At what age is appendicitis most common?
Appendicitis is most common in adolescents and young adults but may occur at any age.
What initiates the pathogenesis of appendicitis?
Progressive increases in intraluminal pressure that compromise venous outflow.
What are the characteristics of early acute (congestive) appendicitis?
Subserosal vessels are congested, modest perivascular neutrophilic infiltrate within all layers of the wall, inflamed serosa appears dull, granular, and erythematous.
What type of carcinoma is also associated with H. pylori?
Adenocarcinoma.
What characterizes mucinous cystadenoma or mucinous cystadenocarcinoma in the appendix?
A dilated appendix filled with mucin (mucocele).
Which type of malignancy is more common, adenocarcinoma or lymphoma?
Adenocarcinoma.
What are the histological changes seen in GERD?
Visible capillaries near the basal layer causing hyperemia, basal cell hyperplasia, and elongated lamina propria papillae.
How do tumors in the distal colon typically present?
As annular lesions that produce napkin-ring constrictions and luminal narrowing, sometimes leading to obstruction.
What histological feature is indicated by the black arrows in a biopsy of Barrett Esophagus?
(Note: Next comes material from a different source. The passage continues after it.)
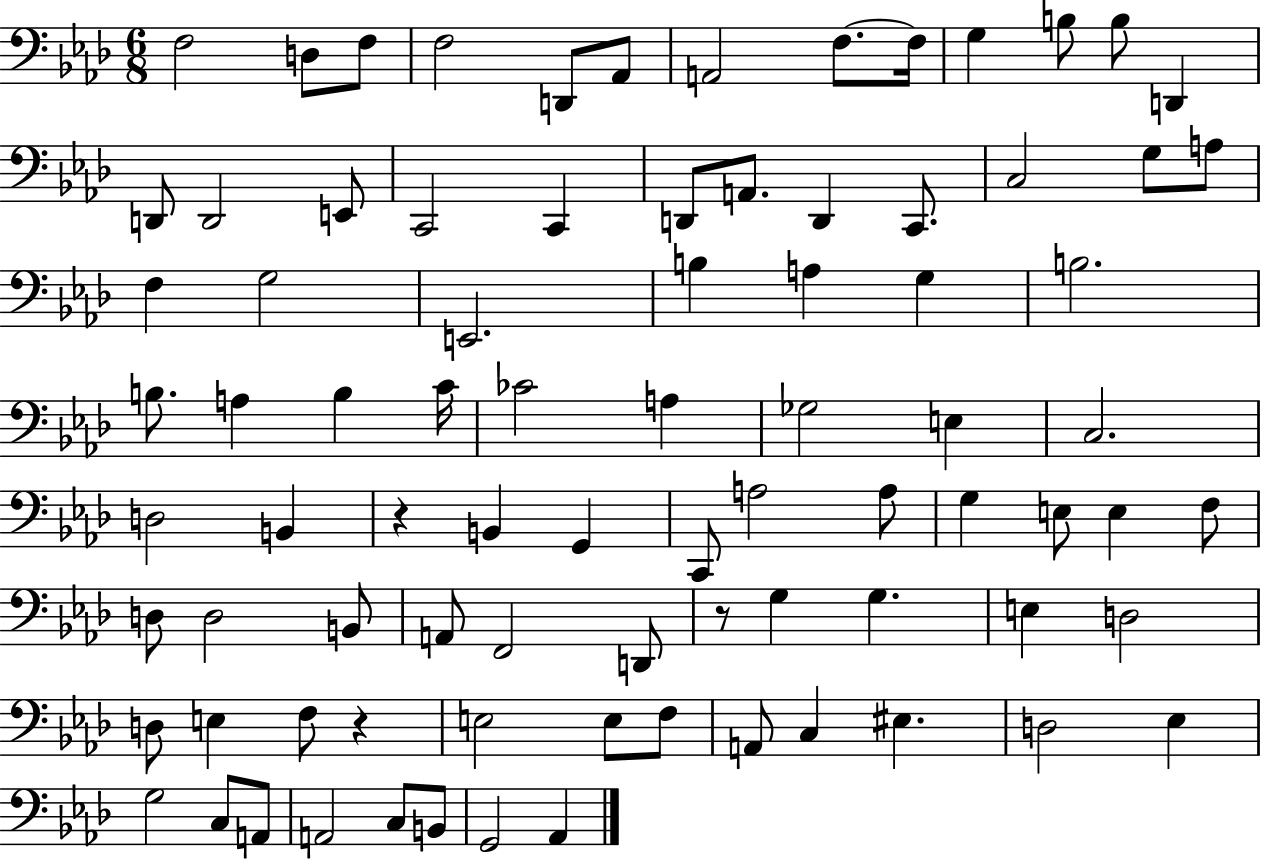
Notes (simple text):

F3/h D3/e F3/e F3/h D2/e Ab2/e A2/h F3/e. F3/s G3/q B3/e B3/e D2/q D2/e D2/h E2/e C2/h C2/q D2/e A2/e. D2/q C2/e. C3/h G3/e A3/e F3/q G3/h E2/h. B3/q A3/q G3/q B3/h. B3/e. A3/q B3/q C4/s CES4/h A3/q Gb3/h E3/q C3/h. D3/h B2/q R/q B2/q G2/q C2/e A3/h A3/e G3/q E3/e E3/q F3/e D3/e D3/h B2/e A2/e F2/h D2/e R/e G3/q G3/q. E3/q D3/h D3/e E3/q F3/e R/q E3/h E3/e F3/e A2/e C3/q EIS3/q. D3/h Eb3/q G3/h C3/e A2/e A2/h C3/e B2/e G2/h Ab2/q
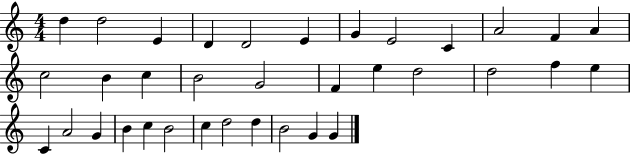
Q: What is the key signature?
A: C major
Goblet cells indicating metaplasia from stratified squamous to intestinal epithelium.
What are external hemorrhoids and how do they present morphologically?
Collateral vessels within the inferior hemorrhoidal plexus, located below the anorectal line, lined by stratified squamous epithelium.
What is the diagnosis for the histological findings on the right side of the lesser curvature of the antrum?
Active chronic gastritis with atrophy.
What happens in acute suppurative appendicitis?
The inflammatory process continues, and focal abscesses form within the wall.
After 10 years, what additional symptoms did the patient report besides persistent epigastric pain?
20 lbs of weight loss in the last 3 months.
What is Peutz-Jeghers Syndrome?
An autosomal dominant disorder associated with multiple GI polyps and mucocutaneous hyperpigmentation.